Dans l’ère du soupçon des années
70, où le doute affecte la politique étrangère (Vietnam) et
intérieure (Watergate), les enfants eux-mêmes endossent les crimes des pères,
comme dans la littérature victorienne de James. Leur fausse
innocence se manifeste en moments de tétanie – la gamine urinant durant la
réception, la marque du nombre maudit découverte sur le cuir chevelu du petit
mâle – qui sidèrent leur famille autant que le spectateur, pourtant habitué à
parcourir ce Village des damnés où règne l’Opération peur. La
métaphore de la souillure remet au goût du jour le conflit des générations, à
l’intérieur d’un foyer dévasté qui reflète l’état d’une nation malade. Sur ce
terreau de défiance, de cynisme et de doute mortel, naissent les fleurs noires
de la conspiration, des théories du complot, de l’ordre caché, l’un des fondamentaux de l’alchimie et de l’exégèse
cabalistique. Sous le voile des apparences civilisées, Légion aux mille bouches
mène le monde, probablement. La crise économique et morale creuse un bloc
d’abîme contre lequel les films catastrophe allument des feux consolants, avec
leur unanimisme et leurs fins heureuses, dernier refuge des anciennes stars qui
jouent leur propre déclin (comme les fantômes héroïques de Boulevard du crépuscule). L’écran démoniaque américain témoigne
d’un malaise en écho à son prédécesseur expressionniste de l’Allemagne des
années 20. De façon significative, une enfant ne rentrait pas chez elle dans
l’admirable M le maudit, dont la pédophilie contemporaine de l’ère
numérique contournera, par ses réseaux, l’admonestation finale sur la
protection enfantine.
Les Cent Vingt Journées de Sodome
La pornographie repose sur un
principe romantique : exposer l’intime. Montrer ce qui se trame entre deux
corps, entre quatre murs, le montrer inlassablement, dans l’itération du
présent éternel, avec de nouvelles anatomies familières dévorées par un Saturne
aujourd’hui numérique, s'avère son programme et son fonds de commerce
(florissant). Dans le supermarché planétaire de la copulation binaire, tous les
produits s’affichent pour séduire le chaland, dans une démocratie sexuelle qui
tolère (et encourage) tous les âges, toutes les couleurs de peau, toutes les
pratiques. Ironiquement, l’économie de la jouissance réalise l’un des principes
de la philosophie, cette suspension du jugement nécessaire pour appréhender
l’objet de la pensée sous tous ses aspects. Depuis Gorge profonde, conçu et
distribué dans l’Amérique convulsive de la décennie du doute, jusqu’au gonzo actuel, segmenté en saynètes
accessibles à tout mineur, la pornographie, plus vieille que le cinéma, et qui
lui survivra, poursuit son chemin dans les marges, à la fois repoussoir et
tentation (que l’on cite seulement Catherine Breillat, Dumont, Noé ou Clark). Dans
ce grand déballage apparié au culte médiatique de la transparence, dans cet
univers de révélations, d’enquêtes interdites
et de talk-shows féminins, elle
constitue la forme extrême d’une mise à nu généralisée, autorisée, légalisée.

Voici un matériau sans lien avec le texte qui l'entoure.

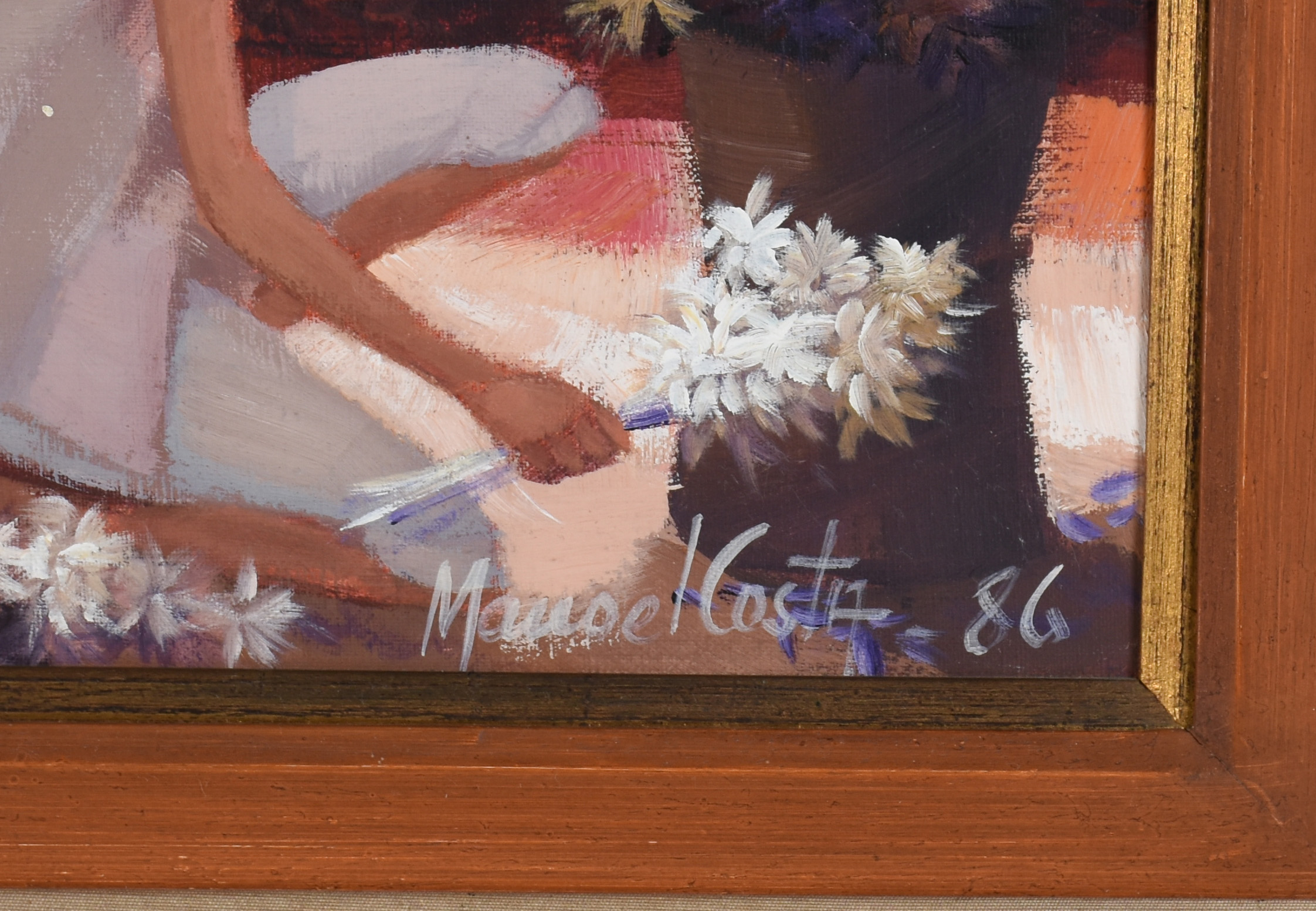 Manoel Costa (1943), Florista - foto 2 de 3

L’élan libérateur de « l’âge
d’or du X », étouffé par l’imposition, le financement criminel et les
mouvements des droits des femmes,
continue d’interroger, au mieux naïf, au pire simple alibi. Plutôt
que de libérer l’on ne sait qui de l’on ne sait quoi, la pornographie entend
révéler le hors-champ chronique du cinéma traditionnel, celui qui plonge les étreintes dans la nuit du fondu enchaîné ou les
sublime en chorégraphies inoffensives et puritaines.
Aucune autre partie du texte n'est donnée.